One of the subtle ways in which officials of the Customs, Excise and Preventative Service (CEPS) allow this to happen is to allow goods to be cleared from the port on “Permit”.
Normally, custom duties of CEPS are determined only after there have been an inspection of goods and a Final Classification and Valuation Report (FCVR), has been issued by an appointed inspection company. However, perishable goods such as frozen fish or meat are allowed to be cleared before the classification and valuation report is issued by “permit’. Before goods are cleared on such permits, the importer is required to pay duty on the invoice value of the goods and later when the FCVR is ready, the importer would be required to pay the difference, if there is any.
On other occasions, goods are cleared hurriedly before the inspection report when the importer is able to satisfy CEPS that they need the goods urgently.
What is happening at our ports is that this “permit” system is seriously being abused. Between January 2012 and December 2012 alone, more than GHS 230 million worth of goods were cleared from our ports under permit. However, the companies involved had not returned to pay for the full custom duty as at June 2013. Strangely, officials of CEPS have not ensured that there were follow-ups to recover the outstanding duties from the importers.
What is worse is that although the importers are supposed to pay the invoice (CIF) value of goods cleared under permit, millions of Ghana Cedis worth of dutiable goods, which were cleared under permit, were taxed at rates of below 2%. In 2012 alone, more than Ghc88 million worth of goods, which were cleared under permit, were taxed at less than 2%.
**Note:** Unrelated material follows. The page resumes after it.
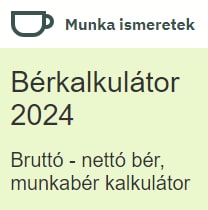 Bérkalkulátor 2024 - munka.krp.hu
Apart from goods such as books or items imported by diplomatic missions and exempted companies which do not attract any duty, the minimum custom duty is 5% of the value. In addition to this, there are other taxes such as National Health Insurance Levy –NHIL (2.5%); ECOWAS Levy (0.5%); EDIF (0.5%); Processing Fee (1%); Environmental Tax (20%) ; GCNet Charge (0.4%); Destination Inspection Fee (1%); Withholding Tax IRS (1%), etc.
It is mind-boggling how CEPS could have deducted tax of less than 2% after adding all the taxes above. It is believed by insiders with the CEPS that officials arbitrarily waive taxes in order to have their individual pockets lined by importers. The lower the official tax collected, the greater the CEPS Officer’s “goro power”.
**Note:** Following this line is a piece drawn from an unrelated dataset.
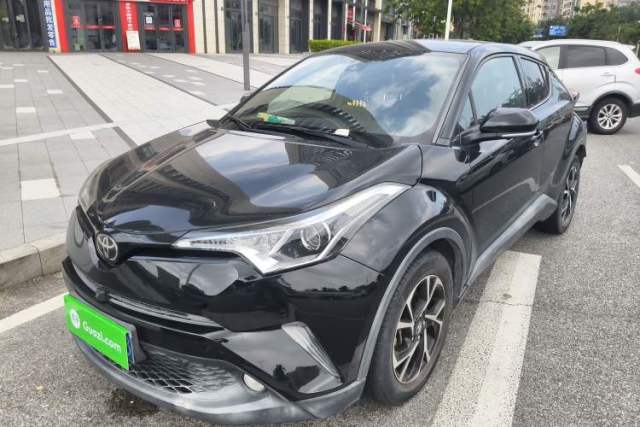 Used Toyota C-HR 2018 2.0L Leading Edition China V-standard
Meanwhile, the government is starved of funds for essential development projects.
According to a report prepared by the Commissioner of CEPS, which has been sighted by the Insight, companies that benefited from this over-generous rates of tax included Olam (Ghana) Ltd; Schlumberger Seaco Inc; Amank Agriculture & Equip.; Tullow Ghana Limited; Sinopec International Petroleum Sev; Mobile Zone; Stanbic Bank Ghana; Goldfields Ghana Ltd; Abosso Goldfields Ltd; Golden Star (Bogoso / Prestea); Perseus Mining Ghana Ltd; Church Of Jesus Christ; Redinggton Ltd; Chris Bell Ent; Koby Jones Ent; Fosu Justice; Micfrim Enterprise; Buggies Phone Repaires & Trading; Caital Phones & Accessories; etc.
Between January and April 2013, more than GHS 93 million worth of goods making up (1,170 consignments) was allowed to be cleared under permit. Some of them were taxed as low as less than 0.9%. No attempts have been made to recover the outstanding duties.
It must be said that it is not only private sector companies who get away without paying taxes.
The University of Ghana, the Ghana National Petroleum Corporation and the Police Service also clear goods under permit without returning to pay the substantive duties.
While the Government is yet to know how much custom duty and related taxes are outstanding, the government finds itself hemmed in by workers’ demands for their allowances to be paid.